----- Dataset excerpts -----

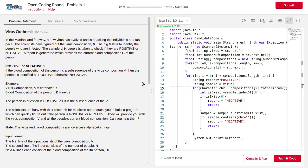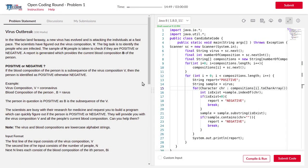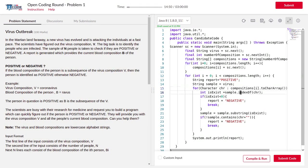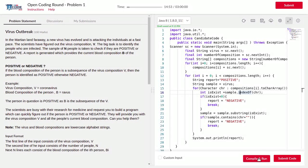Hello guys, in this video I am going to show you the exact solution of the virus outbreak problem given by TechGiv website. The solution is done in Java language, so I am just going to compile and run.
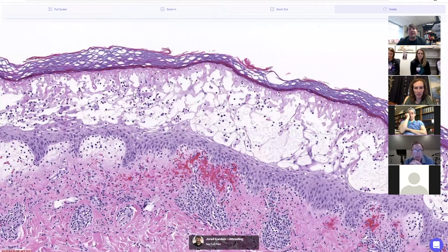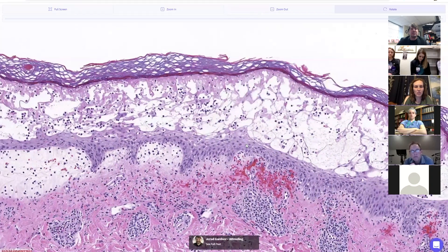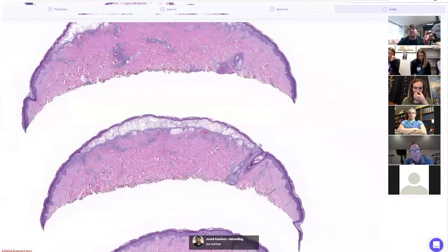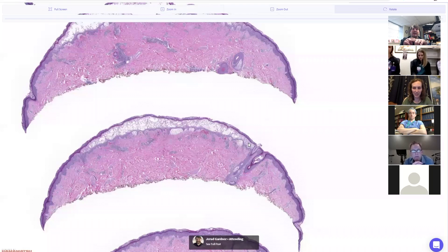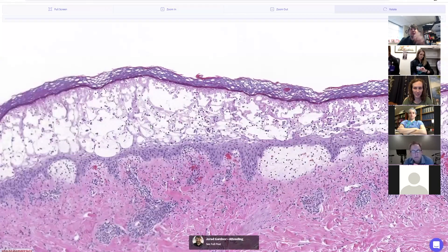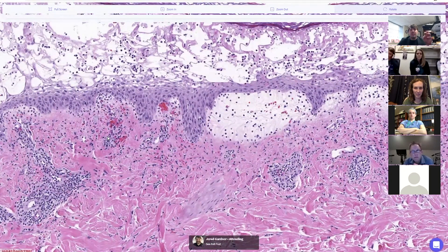All of these features point to hand, foot, and mouth disease caused by coxsackie virus. It's often recognized clinically, but sometimes it has an atypical presentation and gets biopsied. This is one of the most beautiful examples — you can see the perfect shape of the entire lesion and understand why it looks like a swollen, erythematous, pustular lesion clinically, swollen up with all this fluid.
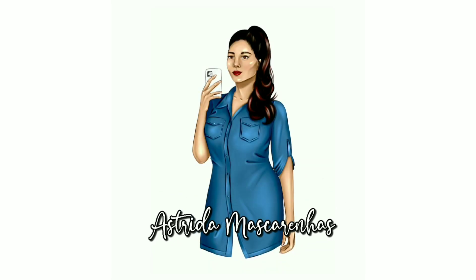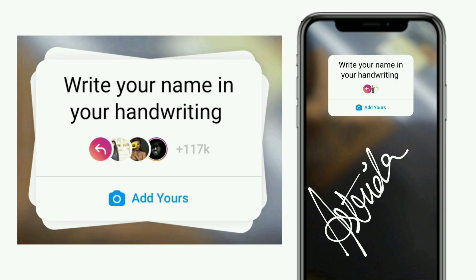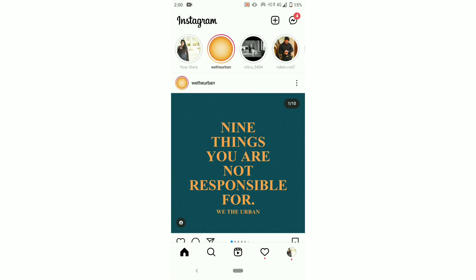Hello everyone, welcome to my YouTube channel Astrita Mascarenhas. In this video I will show you how to do the trending 'add yours' sticker, write your name in your handwriting, and give you the links of all trending and viral 'add yours' stickers.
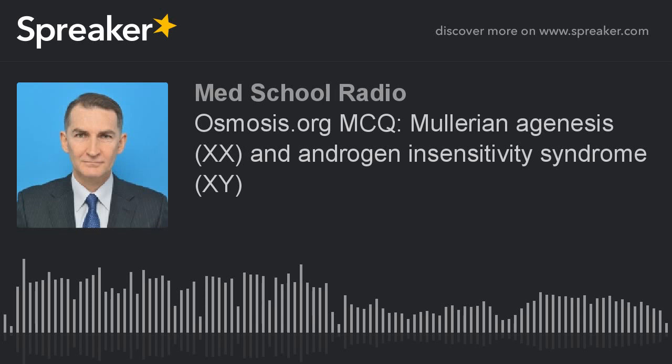The most definitive way to distinguish between these diagnoses is with a karyotype. Patients with Müllerian agenesis will have an XX genotype, while those with androgen insensitivity syndrome will be XY. It should be noted that serum testosterone testing is a less expensive diagnostic option that often precedes a karyotype.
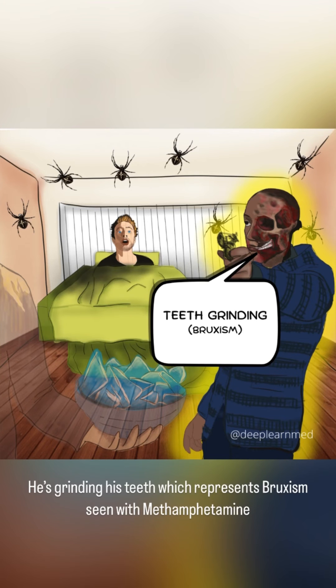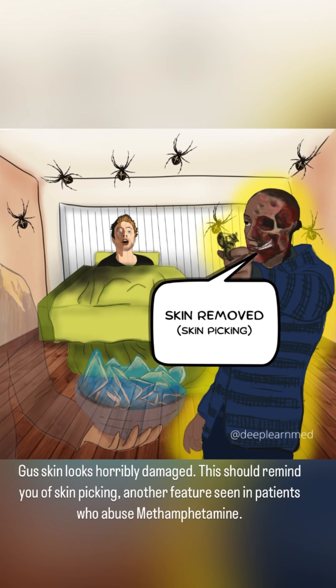He's grinding his teeth, which represents bruxism seen with methamphetamine. Gus' skin looks horribly damaged — this should remind you of skin picking, another feature seen in patients who abuse methamphetamine.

-----

▶ _Work required_
Restate the data above word for word, omitting every picture.

▶ _Task answer_
Hello guys, in this video I am going to show you the exact solution of the virus outbreak problem given by TechGiv website. The solution is done in Java language, so I am just going to compile and run.
All of these features point to hand, foot, and mouth disease caused by coxsackie virus. It's often recognized clinically, but sometimes it has an atypical presentation and gets biopsied. This is one of the most beautiful examples — you can see the perfect shape of the entire lesion and understand why it looks like a swollen, erythematous, pustular lesion clinically, swollen up with all this fluid.
Hello everyone, welcome to my YouTube channel Astrita Mascarenhas. In this video I will show you how to do the trending 'add yours' sticker, write your name in your handwriting, and give you the links of all trending and viral 'add yours' stickers.
The most definitive way to distinguish between these diagnoses is with a karyotype. Patients with Müllerian agenesis will have an XX genotype, while those with androgen insensitivity syndrome will be XY. It should be noted that serum testosterone testing is a less expensive diagnostic option that often precedes a karyotype.
He's grinding his teeth, which represents bruxism seen with methamphetamine. Gus' skin looks horribly damaged — this should remind you of skin picking, another feature seen in patients who abuse methamphetamine.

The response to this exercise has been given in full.